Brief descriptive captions
◇ ◇ ◇ ◇
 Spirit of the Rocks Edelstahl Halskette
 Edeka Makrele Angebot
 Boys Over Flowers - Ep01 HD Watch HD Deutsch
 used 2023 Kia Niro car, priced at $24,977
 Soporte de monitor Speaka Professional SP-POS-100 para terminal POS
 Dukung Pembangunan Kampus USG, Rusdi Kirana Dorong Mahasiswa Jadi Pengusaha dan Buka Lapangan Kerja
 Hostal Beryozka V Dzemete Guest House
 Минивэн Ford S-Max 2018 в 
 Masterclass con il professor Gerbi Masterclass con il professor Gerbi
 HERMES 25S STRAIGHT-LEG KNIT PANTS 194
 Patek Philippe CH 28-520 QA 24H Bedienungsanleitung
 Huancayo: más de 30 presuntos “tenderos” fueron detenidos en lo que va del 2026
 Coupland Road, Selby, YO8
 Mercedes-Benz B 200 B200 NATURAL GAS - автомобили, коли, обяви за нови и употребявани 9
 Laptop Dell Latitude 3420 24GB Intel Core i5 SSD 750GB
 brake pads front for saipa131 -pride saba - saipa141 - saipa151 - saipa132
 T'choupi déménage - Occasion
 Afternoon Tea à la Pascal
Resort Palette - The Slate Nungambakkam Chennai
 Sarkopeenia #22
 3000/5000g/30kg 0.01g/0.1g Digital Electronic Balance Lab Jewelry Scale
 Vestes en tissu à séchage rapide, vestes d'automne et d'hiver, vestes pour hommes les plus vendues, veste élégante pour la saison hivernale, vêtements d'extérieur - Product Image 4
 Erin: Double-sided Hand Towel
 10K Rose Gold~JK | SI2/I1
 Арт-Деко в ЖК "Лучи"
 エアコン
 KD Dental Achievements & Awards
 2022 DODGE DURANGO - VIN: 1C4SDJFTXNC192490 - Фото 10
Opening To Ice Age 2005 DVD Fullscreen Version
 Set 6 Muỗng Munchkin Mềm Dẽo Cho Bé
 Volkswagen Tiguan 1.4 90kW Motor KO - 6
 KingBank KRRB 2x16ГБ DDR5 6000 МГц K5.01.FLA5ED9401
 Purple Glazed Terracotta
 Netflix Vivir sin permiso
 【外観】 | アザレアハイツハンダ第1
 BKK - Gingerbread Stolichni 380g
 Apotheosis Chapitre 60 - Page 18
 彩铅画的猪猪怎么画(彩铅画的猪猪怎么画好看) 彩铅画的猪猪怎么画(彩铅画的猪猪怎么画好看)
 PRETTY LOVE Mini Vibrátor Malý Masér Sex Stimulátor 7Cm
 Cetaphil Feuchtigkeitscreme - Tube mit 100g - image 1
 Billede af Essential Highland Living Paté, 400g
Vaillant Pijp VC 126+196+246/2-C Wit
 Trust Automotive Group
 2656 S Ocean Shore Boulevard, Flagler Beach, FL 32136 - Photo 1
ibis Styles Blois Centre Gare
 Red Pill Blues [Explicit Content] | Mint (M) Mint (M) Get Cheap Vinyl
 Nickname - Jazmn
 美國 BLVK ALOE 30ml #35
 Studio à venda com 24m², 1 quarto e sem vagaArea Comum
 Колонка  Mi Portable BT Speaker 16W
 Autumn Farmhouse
◇ ◇ ◇ ◇
Please repeat the lines above exactly, beginning with the line that contains "彩铅画的猪猪怎么画(彩铅画的猪猪怎么画好看) 彩铅画的猪" and ending with the final one.

_Problem solution_.
 彩铅画的猪猪怎么画(彩铅画的猪猪怎么画好看) 彩铅画的猪猪怎么画(彩铅画的猪猪怎么画好看)
 PRETTY LOVE Mini Vibrátor Malý Masér Sex Stimulátor 7Cm
 Cetaphil Feuchtigkeitscreme - Tube mit 100g - image 1
 Billede af Essential Highland Living Paté, 400g
Vaillant Pijp VC 126+196+246/2-C Wit
 Trust Automotive Group
 2656 S Ocean Shore Boulevard, Flagler Beach, FL 32136 - Photo 1
ibis Styles Blois Centre Gare
 Red Pill Blues [Explicit Content] | Mint (M) Mint (M) Get Cheap Vinyl
 Nickname - Jazmn
 美國 BLVK ALOE 30ml #35
 Studio à venda com 24m², 1 quarto e sem vagaArea Comum
 Колонка  Mi Portable BT Speaker 16W
 Autumn Farmhouse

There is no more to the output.